Description
System Information
- Linux Docker container running on Windows 10 / 11 or in ACI
- ML.NET v1.4.0
- .NET Version: .NET 6.0
Problem description
We have an application that utilizes image classification by using TensorFlow, based on the sample provided in .NET ML. The application executes the following code, which correctly starts, runs, but never completes when running in the Linux docker container on the Windows 10 host.
When the container is started from the command line it simply exists without showing any error. However, when we run the container in VS (F5) the container shows the error in the output window.
TensorFlow .. metaoprimizer.cc 499 ..model_runner exceeded deadline
Here is the simplified code that fails (crashes) in line N+0.
try
{
(N+0) var cvResults = mlContext.MulticlassClassification.CrossValidate(cvDataView, pipeline, numberOfFolds: numOfFolds, labelColumnName: "LabelAsKey", seed: 8881);
(N+1) Console.Write("Never executed");
}
catch
{
(N+2)
}
The container simply exists without throwing any exception. The lines N+1 and N+2 are never reached.
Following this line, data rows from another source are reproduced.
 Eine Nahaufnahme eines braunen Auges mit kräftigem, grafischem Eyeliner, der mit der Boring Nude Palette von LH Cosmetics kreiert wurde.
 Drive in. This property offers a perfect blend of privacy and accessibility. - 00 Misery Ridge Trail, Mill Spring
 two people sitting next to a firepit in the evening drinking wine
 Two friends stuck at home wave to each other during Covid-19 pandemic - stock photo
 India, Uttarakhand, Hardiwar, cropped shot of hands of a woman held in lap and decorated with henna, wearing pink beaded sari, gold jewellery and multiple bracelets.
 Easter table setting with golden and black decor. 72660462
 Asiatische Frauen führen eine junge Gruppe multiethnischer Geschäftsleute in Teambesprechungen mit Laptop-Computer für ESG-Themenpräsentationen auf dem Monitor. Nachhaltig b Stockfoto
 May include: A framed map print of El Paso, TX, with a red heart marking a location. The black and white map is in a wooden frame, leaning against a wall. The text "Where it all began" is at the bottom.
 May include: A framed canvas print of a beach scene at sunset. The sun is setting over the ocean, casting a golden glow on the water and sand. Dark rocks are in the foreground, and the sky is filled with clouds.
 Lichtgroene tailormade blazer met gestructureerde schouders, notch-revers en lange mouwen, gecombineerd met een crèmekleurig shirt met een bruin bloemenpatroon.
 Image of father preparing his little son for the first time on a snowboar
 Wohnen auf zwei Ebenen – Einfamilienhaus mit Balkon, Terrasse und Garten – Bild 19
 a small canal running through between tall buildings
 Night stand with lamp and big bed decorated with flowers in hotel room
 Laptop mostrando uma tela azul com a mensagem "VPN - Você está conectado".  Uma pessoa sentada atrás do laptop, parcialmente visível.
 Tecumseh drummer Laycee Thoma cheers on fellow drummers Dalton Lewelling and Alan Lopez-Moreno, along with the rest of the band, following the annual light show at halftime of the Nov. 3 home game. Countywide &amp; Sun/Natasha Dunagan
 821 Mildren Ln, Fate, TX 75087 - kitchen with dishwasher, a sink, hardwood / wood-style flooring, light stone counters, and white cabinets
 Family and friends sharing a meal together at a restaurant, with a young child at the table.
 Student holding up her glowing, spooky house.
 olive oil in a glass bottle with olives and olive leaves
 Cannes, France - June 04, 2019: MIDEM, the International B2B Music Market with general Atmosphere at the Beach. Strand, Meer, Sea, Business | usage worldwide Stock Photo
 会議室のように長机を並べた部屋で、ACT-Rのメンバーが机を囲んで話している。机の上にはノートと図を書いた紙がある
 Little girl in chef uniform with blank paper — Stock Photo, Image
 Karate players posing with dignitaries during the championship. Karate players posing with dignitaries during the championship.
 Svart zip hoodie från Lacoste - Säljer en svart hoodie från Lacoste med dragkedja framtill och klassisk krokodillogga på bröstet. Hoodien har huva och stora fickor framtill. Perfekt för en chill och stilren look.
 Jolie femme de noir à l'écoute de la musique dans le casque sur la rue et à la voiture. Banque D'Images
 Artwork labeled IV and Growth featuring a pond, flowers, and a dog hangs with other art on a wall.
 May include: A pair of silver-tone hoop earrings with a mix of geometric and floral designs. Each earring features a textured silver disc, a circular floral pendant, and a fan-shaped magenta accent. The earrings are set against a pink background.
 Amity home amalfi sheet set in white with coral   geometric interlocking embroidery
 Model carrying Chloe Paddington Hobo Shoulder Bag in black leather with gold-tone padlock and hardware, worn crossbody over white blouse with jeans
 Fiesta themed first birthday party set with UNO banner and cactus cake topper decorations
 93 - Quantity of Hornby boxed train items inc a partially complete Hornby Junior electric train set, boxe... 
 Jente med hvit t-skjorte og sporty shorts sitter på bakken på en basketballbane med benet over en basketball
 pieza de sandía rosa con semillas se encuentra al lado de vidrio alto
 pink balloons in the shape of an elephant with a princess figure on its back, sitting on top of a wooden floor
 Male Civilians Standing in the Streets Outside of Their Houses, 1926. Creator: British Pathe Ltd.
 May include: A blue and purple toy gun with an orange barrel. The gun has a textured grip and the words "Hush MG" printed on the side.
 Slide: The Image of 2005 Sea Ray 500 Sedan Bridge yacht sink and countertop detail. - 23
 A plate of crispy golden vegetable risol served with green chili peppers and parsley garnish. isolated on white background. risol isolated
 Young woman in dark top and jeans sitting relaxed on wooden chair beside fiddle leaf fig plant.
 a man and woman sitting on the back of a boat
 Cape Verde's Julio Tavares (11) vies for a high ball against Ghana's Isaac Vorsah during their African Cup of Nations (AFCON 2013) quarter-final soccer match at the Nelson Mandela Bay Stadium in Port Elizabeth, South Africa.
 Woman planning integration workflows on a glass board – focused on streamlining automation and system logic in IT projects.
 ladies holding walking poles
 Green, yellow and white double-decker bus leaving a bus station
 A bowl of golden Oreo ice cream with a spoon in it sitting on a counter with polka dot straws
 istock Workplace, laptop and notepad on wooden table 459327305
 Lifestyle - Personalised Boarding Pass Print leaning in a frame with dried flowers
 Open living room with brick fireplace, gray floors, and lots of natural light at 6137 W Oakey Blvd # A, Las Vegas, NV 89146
The same code works well when executed on the Windows host. We also have been able to execute the same code in the Linux container on Windows 11. We have tested it on multiple machines (same environment setup). The same code at some hosts is sometimes running correctly even if the execution time is longer (see image above).
Recap
Question: Is there a way to set the timeout for TensorFlow via ML.NET?
However, this behaviour also raises another question. Is this .NET + Docker + TensorFlow reliable at all if it doesn't show any error and stops the execution?